Aave (AAVE) has turned down from the overhead resistance of $82, indicating that the bears are fiercely protecting this level. They have pushed the price below the immediate support at the 20-day EMA ($75).

AAVE/USDT daily chart. Source: TradingView

The AAVE/USDT pair could slide to the 200-day SMA ($73) next, which is close to the uptrend line. The buyers are likely to defend this level vigorously. If the price bounces off the uptrend line and breaks above the 20-day EMA, the pair could reach as high as $82.

If the bulls break out of this barrier, the pair will complete an ascending triangle pattern. This setup has a target of $100. This bullish view will be invalidated if the price continues lower and breaks below the uptrend line. Then the pair can slide to $68 and then to $64.

AAVE/USDT 4-hour chart. Source: TradingView

The bears have pushed the price to the 200-SMA on the 4-hour chart. The 20-EMA has started to turn lower and the RSI is in the negative territory, indicating that the bears have the upper hand.

If the 200-SMA gives way, the pair could drop further towards the uptrend line. This is an important level for the bulls to defend because a break below will further strengthen the bears.

To the upside, a break above the 20 EMA will be the first sign that the bulls are making a comeback. The pair can then rally to the overhead resistance at $82.

CFX Price Analysis

Conflux (CFX) has been in a corrective phase for the past few days, but one minor positive is that the bulls are trying to defend the 20-day EMA ($0.36).

CFX/USDT daily chart. Source: TradingView

If the price bounces off the current level, the CFX/USDT pair could reach the downtrend line. This is an important level for bears to protect because a break above it could open the doors for a potential rally to $0.44, and then $0.49.

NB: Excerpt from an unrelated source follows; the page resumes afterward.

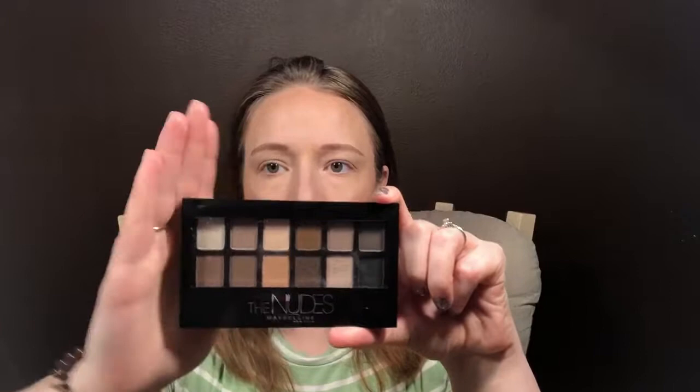Hi everyone, welcome to my channel! I hope you all are having an awesome day. Today I'm going to be doing an eyeshadow look using this palette by Maybelline — it's called the Nudes, and it's got a whole bunch of really neat nude colors.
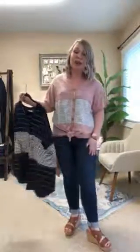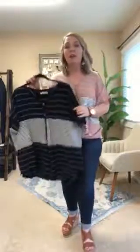I'm wearing a size medium. These run a little bit large, so if you're in between sizes, go ahead and size down one. I'm typically between a medium and a large. They come in small through large, in this pink and the navy.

Conversely, if the price turns down and sustains below the 20 day EMA, it will suggest that the bulls may be racing to the exit. That could attract more selling, pushing the price towards the next support at $0.30. The bulls are expected to buy the dips at this level.

CFX/USDT 4-hour chart. Source: TradingView

The 4-hour chart shows that the bears are trying to hold the price below the 20-day EMA. That could take the pair to the 200-SMA, which is likely to act as major support.

If the price bounces off this level, the bulls will try again to push the price to the downtrend line. This is the key level to watch because a break above it will indicate that the bulls are back in the game.

On the downside, a break and close below the $0.30 support could attract more selling, sinking the price to $0.25.